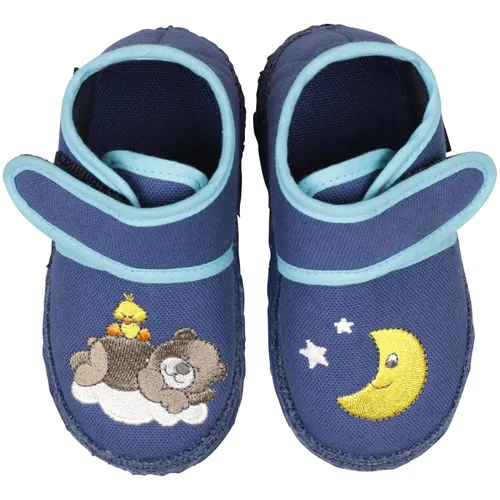 Nanga Unisex Baby Pantoffels Blauw 18 EU Blauw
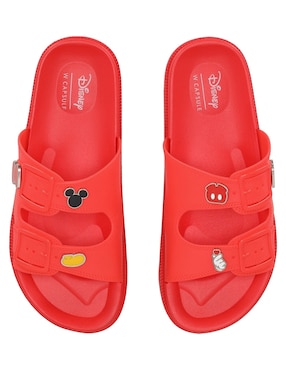 Sandalia W Capsule Disney Shower Mickey para mujer
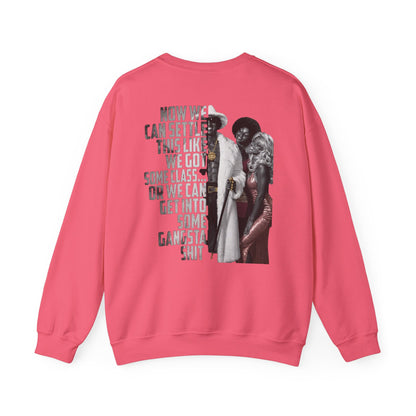 The Mack 70s Movie-Inspired Graphic Sweatshirt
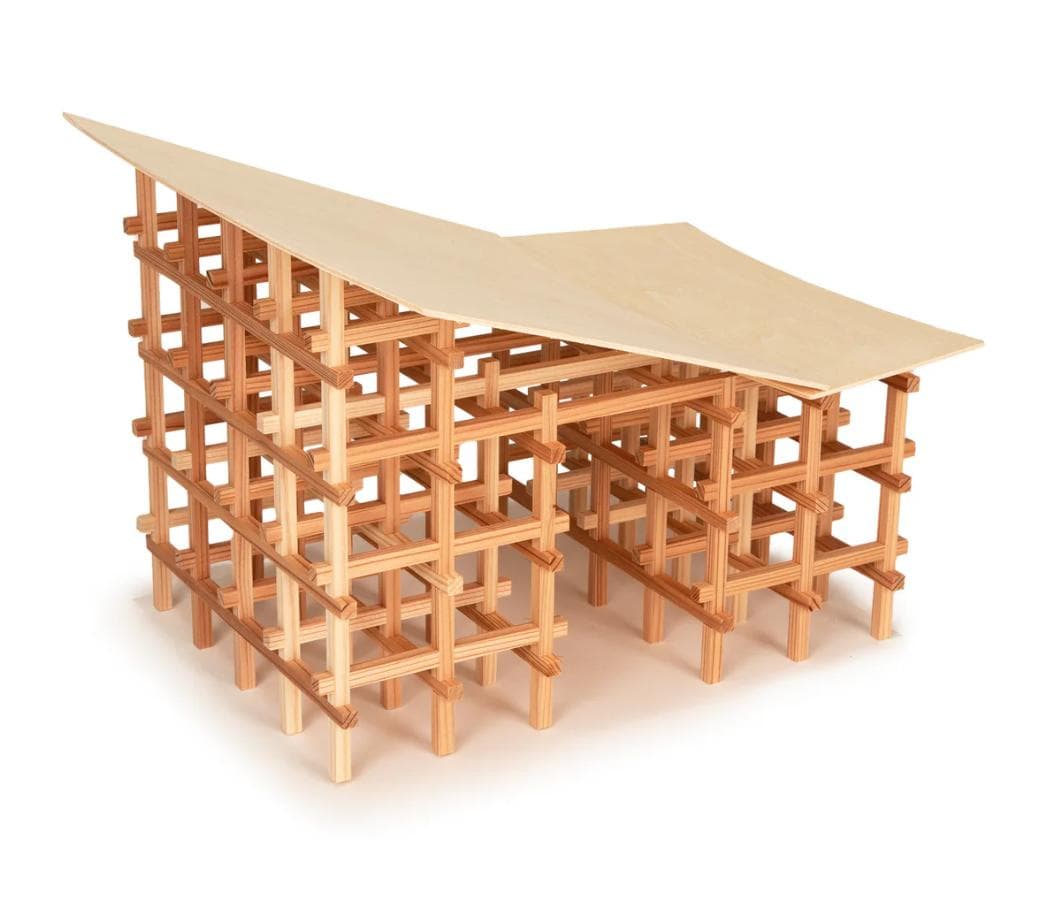 万博EXPO2025 The Grand Ring 木製工作キット大屋根リング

#### [Problem requirements]
Before you finish, make sure every line above has been repeated exactly and no picture remains in the copy.

#### [Response area]
 Nanga Unisex Baby Pantoffels Blauw 18 EU Blauw
 Sandalia W Capsule Disney Shower Mickey para mujer
 The Mack 70s Movie-Inspired Graphic Sweatshirt
 万博EXPO2025 The Grand Ring 木製工作キット大屋根リング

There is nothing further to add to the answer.